Anyone got an opion which country would be better to live in between Australia and the UK?


----------



## kaz101 (Nov 29, 2007)

Since I moved from UK to Australia in July 2007 I would say Australia but it really depends on what you are looking for 

Regards,
Karen


----------



## jlms (May 15, 2008)

What is the point of asking such a thing?

Such questions normally provide nothing but a flamewar....


----------



## Glenhope (Mar 4, 2009)

jlms said:


> What is the point of asking such a thing?
> 
> Such questions normally provide nothing but a flamewar....


I have to agree. It's totally a matter of personal preference. The only certainty is that Poms want to leave UK.

I like Australia too, having been here on and off for 25 years. However, it is not for everyone. 
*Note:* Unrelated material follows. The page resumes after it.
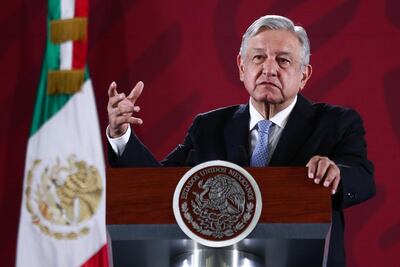 AMLO reprueba actos de violencia en la UNAM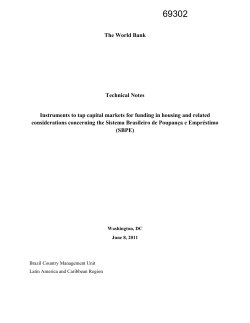DOCX - World bank documents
To make a sweeping generalisation, Australia has a lot in common with both UK and US, but many differences too. Public transport is abominable and outside the cities, almost non-existent. You can't do without a car or cars. We drive on the left, but priority is to the right (Vic) and there are some unique road rules eg the Hook turn in Melbourne. Speed limits vary from state to state and in NT the speed limit is commonsense. The states are more like sovereign countries (which is what they were pre-federation) than US states. There is a federal government, in Canberra , a city which Australians don't like to visit.
I live in the bush, off an unsealed road with 5 vehicles per day, so it's private. My nearest neighbour is 600 metres away. It's a beautiful place and the surrounding scenery is stunning - plenty of wildlife - birds, snakes, kangaroos, ecidnas, rabbits and foxes.


----------



## 90199 (Mar 21, 2010)

mikey2 said:


> Anyone got an opion which country would be better to live in between Australia and the UK?


Does the question mean geographically between the two countries?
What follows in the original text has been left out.